> **DIRECTIONS FOR THIS TASK**:
The required output is the stretch from the line containing "Narrow side yard" through the line containing "2026 250th Anniversary" in the records below, unaltered and with no pictures.

> **PROVIDED MATERIAL**:
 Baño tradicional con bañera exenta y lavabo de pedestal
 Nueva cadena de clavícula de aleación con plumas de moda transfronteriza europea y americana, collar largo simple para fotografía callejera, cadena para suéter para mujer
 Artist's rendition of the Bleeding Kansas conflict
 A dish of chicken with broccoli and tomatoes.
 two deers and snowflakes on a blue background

--

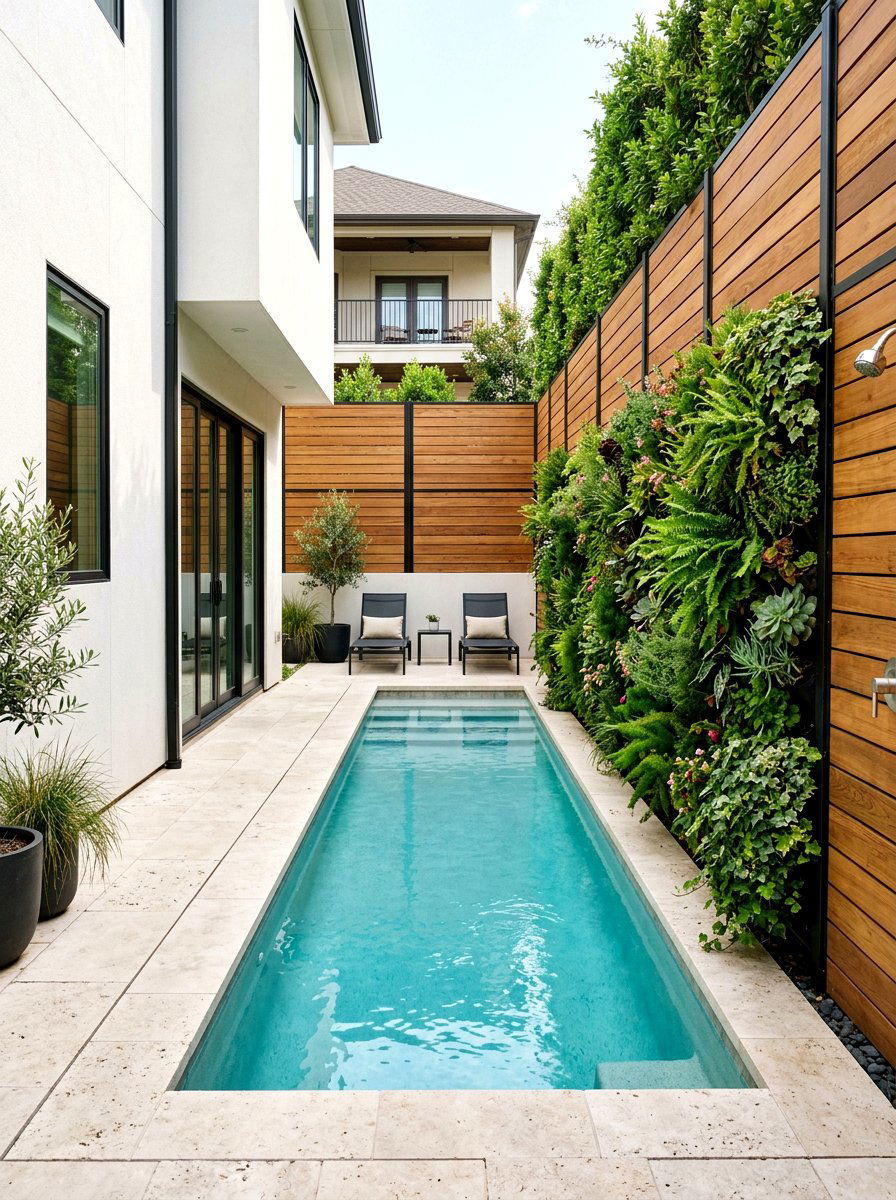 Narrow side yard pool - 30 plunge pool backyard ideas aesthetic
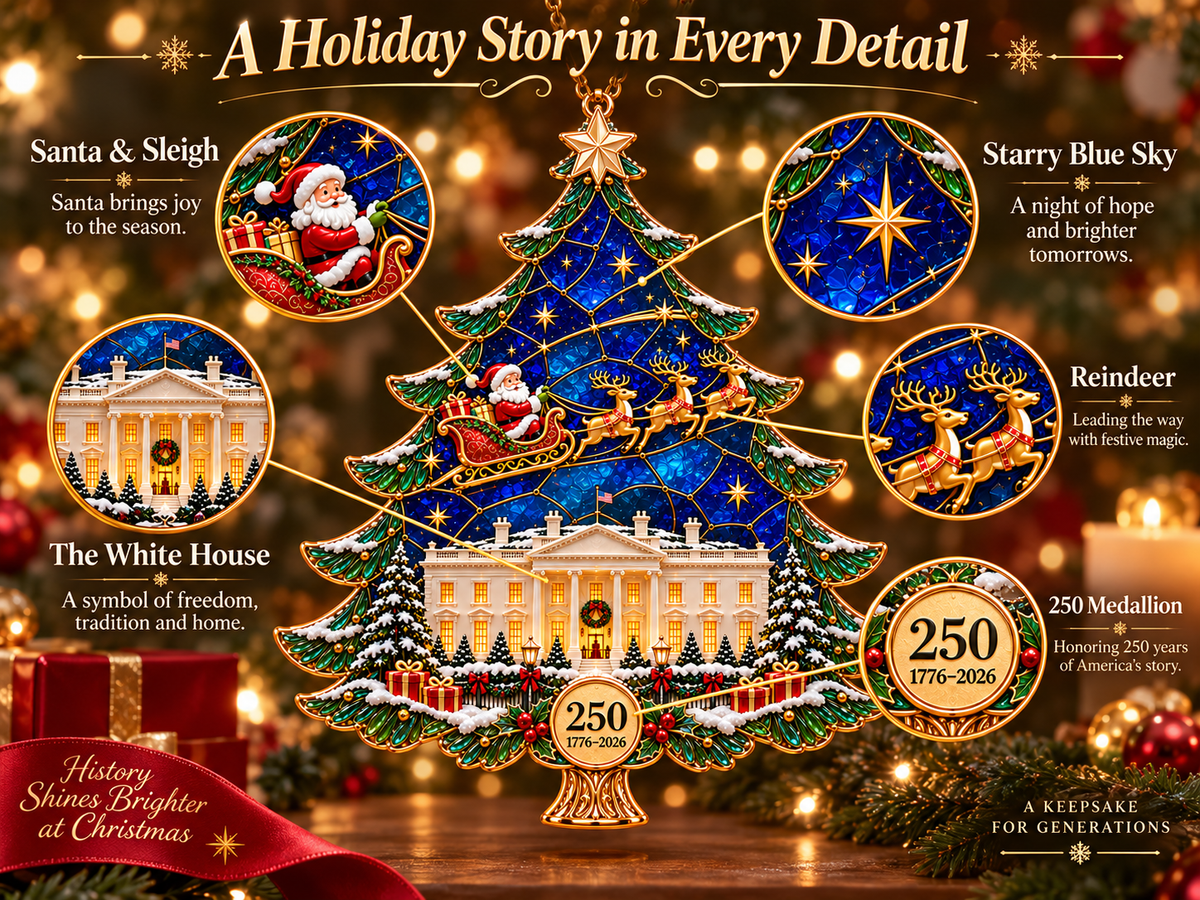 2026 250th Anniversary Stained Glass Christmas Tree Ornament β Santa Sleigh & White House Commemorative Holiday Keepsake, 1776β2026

> **RESULT OF THIS EXERCISE**:
 Narrow side yard pool - 30 plunge pool backyard ideas aesthetic
 2026 250th Anniversary Stained Glass Christmas Tree Ornament β Santa Sleigh & White House Commemorative Holiday Keepsake, 1776β2026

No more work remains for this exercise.